サムスン・バイオの企業価値が膨らまされたことで親会社の第一毛織の株式も高評価を受け、サムスン物産との合併で第一毛織の株式が3倍に値上がりした。結局、サムスン物産の持分はないが、第一毛織の持分が多かった李副会長は、この合併で統合されたサムスン物産の株式の16.5%を持ち、筆頭株主となった。
サムスン物産はサムスン電子の2大株主であり、李副会長はサムスン物産を通じてサムスン電子に対する支配力を強めた。つまり、李副会長のサムスン電子経営権継承のため、サムスン・バイオの会計不正が行われたというのが検察の判断だ。
検察は最近まで、サムスングループに対する約50回の家宅捜索、110人余りの関連者に対する約430回の召喚調査など、強力な捜査を進めてきた。5月に入ってからは2回も李副会長を被疑者として召喚して事情聴取を行い、李副会長に対する起訴が迫っているという噂が聞こえていた。
そこで、副会長は2日に検察起訴の妥当性を判断してほしいという「検察捜査審議委員会」の審議を申請した。この事案が果たして起訴に値する事件なのかについて、検察ではなく外部の専門家たちが判断してほしいと要求したのだ。審議のために、15人からなる検察市民委員会が召集され、過半数の賛成を得ると捜査審議委に案件が渡される。

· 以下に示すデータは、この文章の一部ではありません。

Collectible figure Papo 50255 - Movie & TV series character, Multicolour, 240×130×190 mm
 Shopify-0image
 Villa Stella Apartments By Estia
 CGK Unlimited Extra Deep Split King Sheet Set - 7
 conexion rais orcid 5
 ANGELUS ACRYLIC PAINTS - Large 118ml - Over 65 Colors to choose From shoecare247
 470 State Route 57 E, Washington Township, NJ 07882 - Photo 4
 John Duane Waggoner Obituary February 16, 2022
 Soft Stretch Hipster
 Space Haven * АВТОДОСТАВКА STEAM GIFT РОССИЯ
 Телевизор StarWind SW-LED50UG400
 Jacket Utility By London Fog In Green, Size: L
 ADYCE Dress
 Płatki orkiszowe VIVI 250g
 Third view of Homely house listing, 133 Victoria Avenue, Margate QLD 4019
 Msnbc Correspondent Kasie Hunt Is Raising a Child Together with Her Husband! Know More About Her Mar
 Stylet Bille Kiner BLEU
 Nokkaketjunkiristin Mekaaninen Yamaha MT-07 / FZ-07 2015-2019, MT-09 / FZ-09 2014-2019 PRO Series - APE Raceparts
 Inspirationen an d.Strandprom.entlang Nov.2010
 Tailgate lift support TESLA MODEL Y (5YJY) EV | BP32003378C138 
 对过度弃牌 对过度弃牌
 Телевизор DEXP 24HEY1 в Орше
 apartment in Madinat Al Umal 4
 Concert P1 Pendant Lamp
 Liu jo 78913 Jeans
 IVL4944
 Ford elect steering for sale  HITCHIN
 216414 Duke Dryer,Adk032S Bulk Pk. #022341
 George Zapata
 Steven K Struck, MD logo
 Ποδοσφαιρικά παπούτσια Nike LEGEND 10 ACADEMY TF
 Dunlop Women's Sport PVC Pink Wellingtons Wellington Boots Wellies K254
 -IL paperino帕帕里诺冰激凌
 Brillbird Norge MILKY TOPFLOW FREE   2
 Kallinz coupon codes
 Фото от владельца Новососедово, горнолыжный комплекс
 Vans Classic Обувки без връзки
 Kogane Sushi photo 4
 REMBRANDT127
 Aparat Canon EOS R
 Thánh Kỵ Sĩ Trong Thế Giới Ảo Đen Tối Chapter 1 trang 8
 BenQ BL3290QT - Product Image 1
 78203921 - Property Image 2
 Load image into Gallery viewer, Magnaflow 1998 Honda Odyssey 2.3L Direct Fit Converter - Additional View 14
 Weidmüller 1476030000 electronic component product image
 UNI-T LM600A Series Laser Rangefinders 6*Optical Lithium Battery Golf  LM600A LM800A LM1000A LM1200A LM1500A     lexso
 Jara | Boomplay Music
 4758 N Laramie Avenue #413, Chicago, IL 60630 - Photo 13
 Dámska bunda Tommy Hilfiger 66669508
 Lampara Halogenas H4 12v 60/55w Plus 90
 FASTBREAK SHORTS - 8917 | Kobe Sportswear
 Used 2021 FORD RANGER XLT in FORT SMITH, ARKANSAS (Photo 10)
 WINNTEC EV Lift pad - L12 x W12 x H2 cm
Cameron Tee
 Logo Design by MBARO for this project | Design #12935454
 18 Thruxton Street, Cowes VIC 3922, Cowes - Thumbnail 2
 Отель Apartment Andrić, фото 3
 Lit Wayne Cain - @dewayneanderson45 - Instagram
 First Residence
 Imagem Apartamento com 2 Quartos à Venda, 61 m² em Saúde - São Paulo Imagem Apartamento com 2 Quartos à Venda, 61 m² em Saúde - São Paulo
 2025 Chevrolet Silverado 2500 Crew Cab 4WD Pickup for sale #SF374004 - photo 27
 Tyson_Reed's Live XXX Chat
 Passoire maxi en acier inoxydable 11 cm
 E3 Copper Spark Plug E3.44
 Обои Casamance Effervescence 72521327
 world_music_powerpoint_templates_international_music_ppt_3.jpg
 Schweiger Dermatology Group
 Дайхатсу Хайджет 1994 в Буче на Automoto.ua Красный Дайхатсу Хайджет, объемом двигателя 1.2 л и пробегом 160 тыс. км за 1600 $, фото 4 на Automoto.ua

審議が終わるまでは起訴が見送られるため、遅延戦術という見方があった。しかし、李副会長に反撃された検察は2日後に電撃的に拘束令状を請求し、李副会長は再び拘束の岐路に立たされることになったのだ。李副会長に対する逮捕状の実質審査は8日に行われる。逮捕状が棄却されても、検察の起訴を避けることはできないというのが、韓国メディアの見方だ。
李副会長は今回の事件のほかにも、朴元大統領の国政醫断と関連した収賄容疑についても裁判が進行中だ。2018年2月の2審では懲役2年6ヶ月の執行猶予4年で釈放されたが、2019年8月の最高裁の上告審で2審の判決が「法理を誤解した誤りがある」として破棄・送還された。
この破棄・送還審で最高裁判所がサムスン電子が崔順実側に提供した賄賂の金額を86億ウォンと判断したことで、李副会長は実刑を免れないという見方が支配的だ。賄賂額が50億ウォンを超える場合は、特別犯罪加重処罰法によって5年以上の懲役刑に処され、執行猶予が不可能だからである。
一難去ってまた一難。サムスン電子と李副会長に未曾有の危機が迫っている。